- **Task details**
Reproduce the listing below from the line with "Seoul Naturals Men's" to the line with "Siedinlar Solarne Oświetlenie", both lines included, character for character, minus any pictures.

- **Material provided**
■ ■ ■ ■

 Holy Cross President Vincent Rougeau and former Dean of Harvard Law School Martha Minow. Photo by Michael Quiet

■ ■ ■ ■

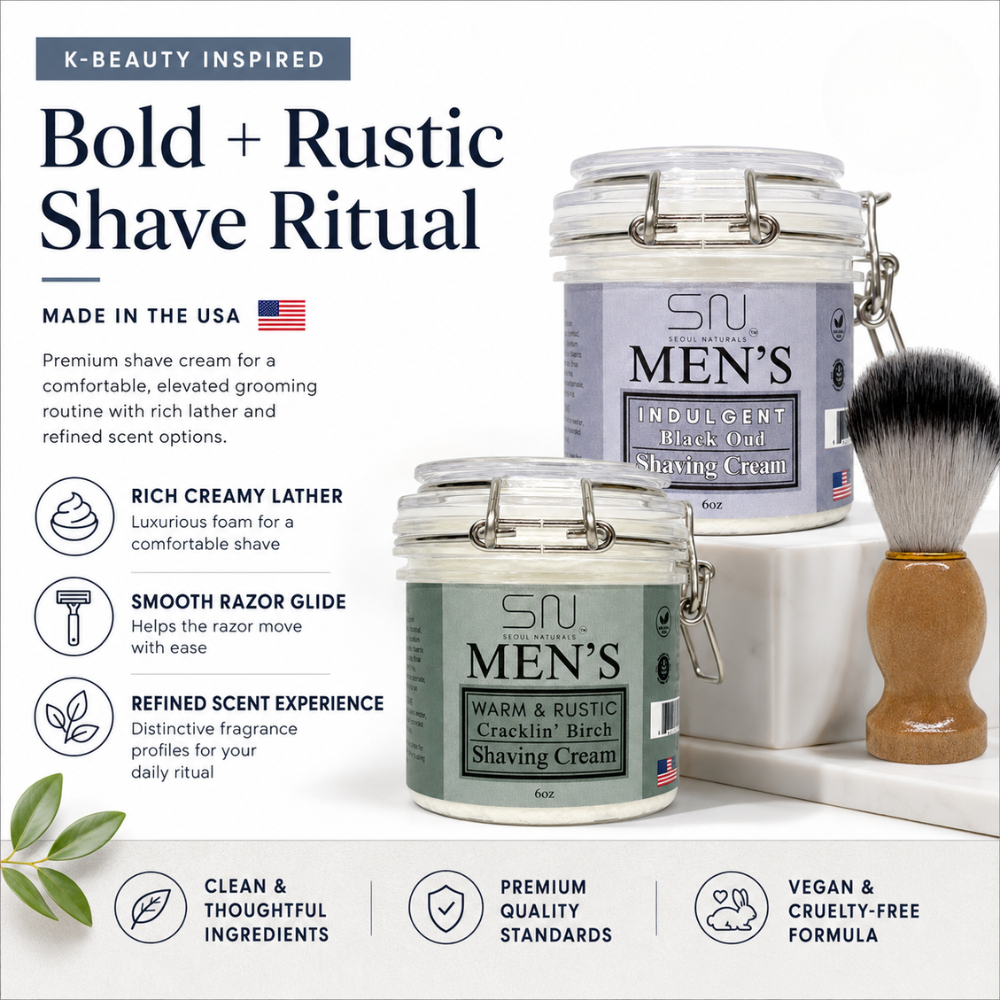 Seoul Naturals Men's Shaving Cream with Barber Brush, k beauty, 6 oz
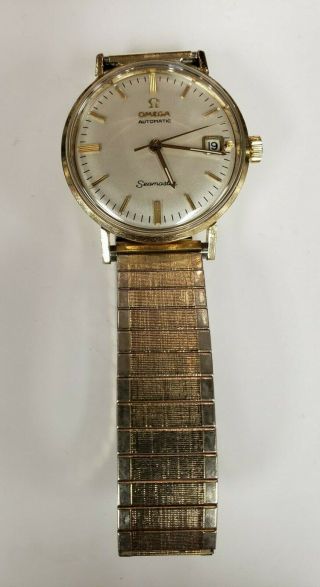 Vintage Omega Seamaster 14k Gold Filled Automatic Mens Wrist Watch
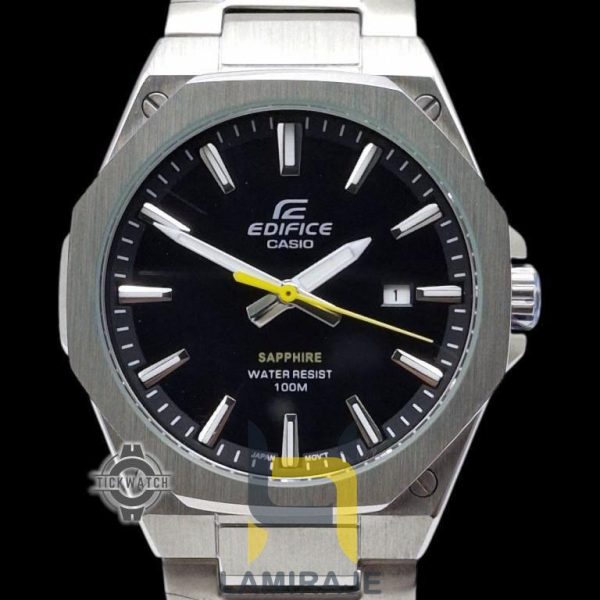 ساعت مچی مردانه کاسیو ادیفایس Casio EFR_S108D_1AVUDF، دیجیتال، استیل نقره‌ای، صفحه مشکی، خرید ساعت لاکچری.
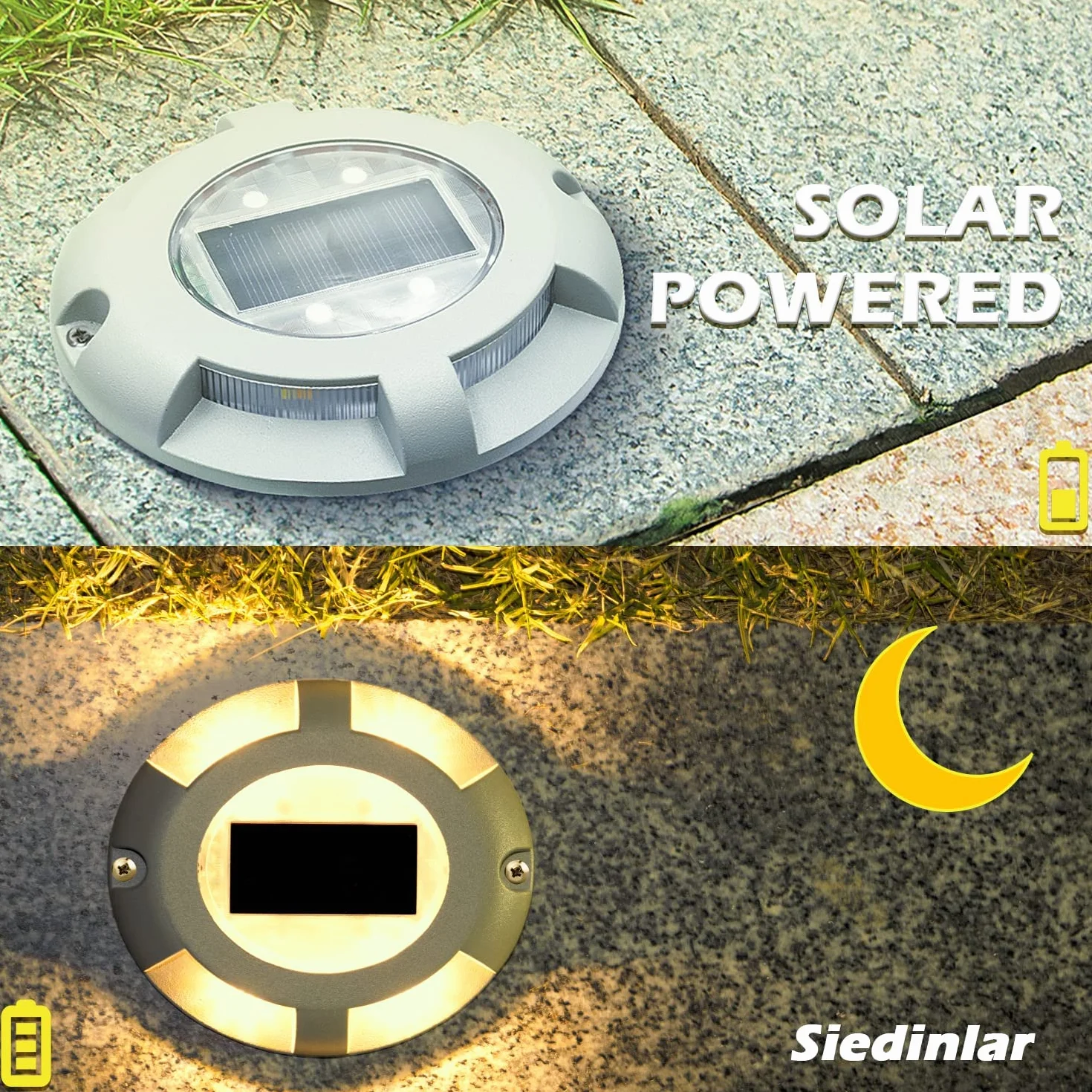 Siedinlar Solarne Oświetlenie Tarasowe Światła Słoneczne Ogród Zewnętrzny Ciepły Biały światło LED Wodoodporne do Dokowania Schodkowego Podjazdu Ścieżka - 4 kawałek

■ ■ ■ ■

- **Task solution**
 Seoul Naturals Men's Shaving Cream with Barber Brush, k beauty, 6 oz
 Vintage Omega Seamaster 14k Gold Filled Automatic Mens Wrist Watch
 ساعت مچی مردانه کاسیو ادیفایس Casio EFR_S108D_1AVUDF، دیجیتال، استیل نقره‌ای، صفحه مشکی، خرید ساعت لاکچری.
 Siedinlar Solarne Oświetlenie Tarasowe Światła Słoneczne Ogród Zewnętrzny Ciepły Biały światło LED Wodoodporne do Dokowania Schodkowego Podjazdu Ścieżka - 4 kawałek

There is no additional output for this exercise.